LA COLONIZACIÓN DE LA ARAUCANÍA.

Dentro de la gran cantidad de errores que la legislación chilena ha cometido en las últimas décadas en relación con variadas materias de orden social y de interés nacional, en 1993 vería la luz la llamada Ley Indígena. La promesa de promulgarla algún día había sido la forma en que la Concertación se había garantizado muchos votos indígenas a partir de acuerdos del año 1989, celebrados con algunas comunidades.
Con todas sus buenas intenciones aparte, la nueva ley inmovilizaba la llamada "propiedad indígena" con el propósito de proteger a las comunidades indígenas del peligro de perder sus tierras "ancestrales", lo que resulta en un problema político y más que en la altura de un tema nacional, de fondo, pues estimulaba la expectativa de ciertos grupos indígenas por conseguir plena autonomía y autodeterminación territorial, algo imposible en el concepto de unidad del Estado-Nación, por mucho que moleste el término. También se prestó para posteriores escándalos de corrupción, como sabemos, que involucraran a la Corporación de Desarrollo Indígena precisamente con los dineros de los grupos humanos identificados como los más pobres de Chile, es decir, los propios indígenas.

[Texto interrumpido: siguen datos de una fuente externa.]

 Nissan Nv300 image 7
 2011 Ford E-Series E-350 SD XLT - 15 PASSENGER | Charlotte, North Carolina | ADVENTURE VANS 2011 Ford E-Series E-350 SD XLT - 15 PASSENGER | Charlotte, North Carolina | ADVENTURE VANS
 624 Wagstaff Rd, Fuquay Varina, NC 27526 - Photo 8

Se recordará que en aquellos años se vivía aún un fuerte debate histórico a nivel mundial como consecuencia del aniversario 500 del Descubrimiento (o Redescubrimiento) de América, celebrado en 1992, con todo el costo humano que esto trajo a las etnias nativas del territorio americano durante la Conquista del mismo, por lo que no extrañan estos intentos por dar gestos de "reparación" y "reivindicación". Si a este sentimiento sumamos el interés que existían también en el Gobierno de Patricio Aylwin Azócar por lucirse ante la comunidad internacional como una administración humanitaria y tolerante, para establecer sus diferencias con la imagen que se atribuía al Gobierno Militar, el inmediatismo y la precipitación de las decisiones se multiplicaron exponencialmente.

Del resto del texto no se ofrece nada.